Beginning at the line with "2010 Sea Ray 330 Sundancer", output each line to the end of the listing below exactly, please.

──────────

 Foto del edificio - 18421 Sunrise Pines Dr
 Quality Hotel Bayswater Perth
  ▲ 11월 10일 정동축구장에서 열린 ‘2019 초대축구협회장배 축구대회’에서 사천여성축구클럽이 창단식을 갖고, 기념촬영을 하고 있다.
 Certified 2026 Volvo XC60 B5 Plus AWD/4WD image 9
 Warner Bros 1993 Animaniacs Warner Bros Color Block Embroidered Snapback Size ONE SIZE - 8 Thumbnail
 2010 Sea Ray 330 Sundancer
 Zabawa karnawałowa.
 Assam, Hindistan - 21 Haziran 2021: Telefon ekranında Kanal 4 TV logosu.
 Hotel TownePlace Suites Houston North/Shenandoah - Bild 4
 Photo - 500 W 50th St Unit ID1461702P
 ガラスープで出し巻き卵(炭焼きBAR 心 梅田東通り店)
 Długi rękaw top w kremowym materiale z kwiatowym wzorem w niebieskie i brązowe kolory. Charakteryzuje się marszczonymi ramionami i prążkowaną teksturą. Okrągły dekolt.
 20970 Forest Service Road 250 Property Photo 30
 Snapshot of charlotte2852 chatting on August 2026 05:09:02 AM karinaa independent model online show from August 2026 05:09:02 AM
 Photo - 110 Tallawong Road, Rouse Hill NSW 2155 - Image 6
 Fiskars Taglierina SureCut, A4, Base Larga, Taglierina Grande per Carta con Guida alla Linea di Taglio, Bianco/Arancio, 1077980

──────────

- _FINISHED EXERCISE_:
 2010 Sea Ray 330 Sundancer
 Zabawa karnawałowa.
 Assam, Hindistan - 21 Haziran 2021: Telefon ekranında Kanal 4 TV logosu.
 Hotel TownePlace Suites Houston North/Shenandoah - Bild 4
 Photo - 500 W 50th St Unit ID1461702P
 ガラスープで出し巻き卵(炭焼きBAR 心 梅田東通り店)
 Długi rękaw top w kremowym materiale z kwiatowym wzorem w niebieskie i brązowe kolory. Charakteryzuje się marszczonymi ramionami i prążkowaną teksturą. Okrągły dekolt.
 20970 Forest Service Road 250 Property Photo 30
 Snapshot of charlotte2852 chatting on August 2026 05:09:02 AM karinaa independent model online show from August 2026 05:09:02 AM
 Photo - 110 Tallawong Road, Rouse Hill NSW 2155 - Image 6
 Fiskars Taglierina SureCut, A4, Base Larga, Taglierina Grande per Carta con Guida alla Linea di Taglio, Bianco/Arancio, 1077980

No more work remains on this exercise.